I didn’t like to eat green peppers at all before, I just thought it was a side dish, until I met Sanbao, who loved to eat shredded green peppers fried with thousands of slices, slowly, I also fell in love with the taste of green peppers, and unconsciously grabbed a Bunch of green peppers, bite it slowly, feel its skin and flesh, the moment you eat it in your mouth, chew it together with the skin and flesh.

I don’t know whether it’s the green peppers that are delicious, or because the three treasures like them. It’s the first time I ate green peppers and enjoyed the deliciousness. I didn’t expect the oil-brushed skin to be so fragrant after roasting, and the meat is tender after peeling off the skin. , with natural particles, and unmelted salt, crispy with soft glutinous, soft glutinous with fragrance, and full of salt and pepper taste, wrapped in oil, it is really fragrant on the lips and teeth, with endless aftertaste.

The more we drank, the happier we became. I was so happy that I forgot about the three treasures, as if I had never had any feelings, and I was relaxed.

Streets, lights, boiled peanuts, braised edamame, pots of crayfish, brightly colored stir-fried vegetables, the boss’s yelling after busy work, the smiling face of the boss’s wife when collecting money, and Lao Wang, will always help me brother.

Erhei's silly concern, and Wu Le's joy in not caring about worldly affairs, I took it all into my heart.

No more dark rooms, no free breathing.

I'm within reach, and it's all easy to tune.

My heart was jumping for joy, my mood was jumping for joy, and I drank more and more wine.

I started to feel sad again, and told everyone that Sambo threatened me, threatened me with my family and my cousin, and said that if I broke up again, my cousin would be beaten up.

Lao Wang said don't listen to his nonsense, don't bother him, he is bluffing, he doesn't dare at all, if he wants to beat your cousin, I will beat him.

I think what Lao Wang said is right. Sambo said this just to scare me. In the final analysis, he would not do it. If he really did it, I will never forgive him in my life.

Lao Wang also said: "Xiaotian, do you know that I was very polite when I first met Sanbao, why did I distance myself later?"

I was puzzled and looked at Pharaoh suspiciously.

Old Wang said slowly: "Because I see that Sanbao is not good to you, and you are not suitable. Sooner or later, I will separate. I can also see that Sanbao will not let go so soon. I think you will fight sooner or later.
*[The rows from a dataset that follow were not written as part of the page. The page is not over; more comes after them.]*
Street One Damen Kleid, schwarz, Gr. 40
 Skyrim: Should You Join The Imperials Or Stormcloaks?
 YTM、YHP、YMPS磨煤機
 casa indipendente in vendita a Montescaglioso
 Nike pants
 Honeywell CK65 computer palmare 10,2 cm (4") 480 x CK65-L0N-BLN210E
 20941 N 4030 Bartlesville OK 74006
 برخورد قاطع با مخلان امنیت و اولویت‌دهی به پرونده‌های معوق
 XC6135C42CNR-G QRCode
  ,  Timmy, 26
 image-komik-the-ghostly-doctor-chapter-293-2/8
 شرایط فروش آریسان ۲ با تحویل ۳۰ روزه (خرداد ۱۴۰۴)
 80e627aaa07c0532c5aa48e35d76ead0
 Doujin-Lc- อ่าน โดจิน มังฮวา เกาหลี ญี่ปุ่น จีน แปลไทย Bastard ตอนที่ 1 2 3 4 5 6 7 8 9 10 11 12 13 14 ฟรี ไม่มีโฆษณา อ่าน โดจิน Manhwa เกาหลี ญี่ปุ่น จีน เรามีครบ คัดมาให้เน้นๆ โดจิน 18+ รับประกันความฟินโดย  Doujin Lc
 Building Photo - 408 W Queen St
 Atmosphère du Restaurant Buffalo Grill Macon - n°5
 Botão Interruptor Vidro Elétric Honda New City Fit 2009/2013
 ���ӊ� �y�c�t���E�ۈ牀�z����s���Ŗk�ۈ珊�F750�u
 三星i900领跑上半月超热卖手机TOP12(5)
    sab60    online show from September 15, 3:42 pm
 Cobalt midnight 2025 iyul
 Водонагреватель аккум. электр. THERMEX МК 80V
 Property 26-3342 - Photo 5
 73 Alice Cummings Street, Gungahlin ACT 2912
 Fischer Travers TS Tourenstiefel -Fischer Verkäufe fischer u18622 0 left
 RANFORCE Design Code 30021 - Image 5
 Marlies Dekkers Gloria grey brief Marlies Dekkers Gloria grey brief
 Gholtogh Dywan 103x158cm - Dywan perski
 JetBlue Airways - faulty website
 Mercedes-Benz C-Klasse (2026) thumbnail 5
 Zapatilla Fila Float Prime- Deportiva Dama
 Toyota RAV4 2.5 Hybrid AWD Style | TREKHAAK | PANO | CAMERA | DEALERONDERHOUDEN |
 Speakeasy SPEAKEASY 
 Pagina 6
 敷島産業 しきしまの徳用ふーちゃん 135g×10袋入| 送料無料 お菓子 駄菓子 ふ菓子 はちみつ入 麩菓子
I treat him Be cooler, so you don't have to worry about favors when fighting."

It turns out that this is what Lao Wang planned. I just borrowed 1 yuan from him unintentionally, but I unintentionally gained a brother. Only when I am in trouble, I know how much it is to have a brother who can help you. Difficult, I was very moved at the time, I was very moved that Lao Wang could consider this for me, and hugged him and said a lot of intimate words.

I can't go back home for the time being, so I will go to Lao Wang's house to stay for a few days.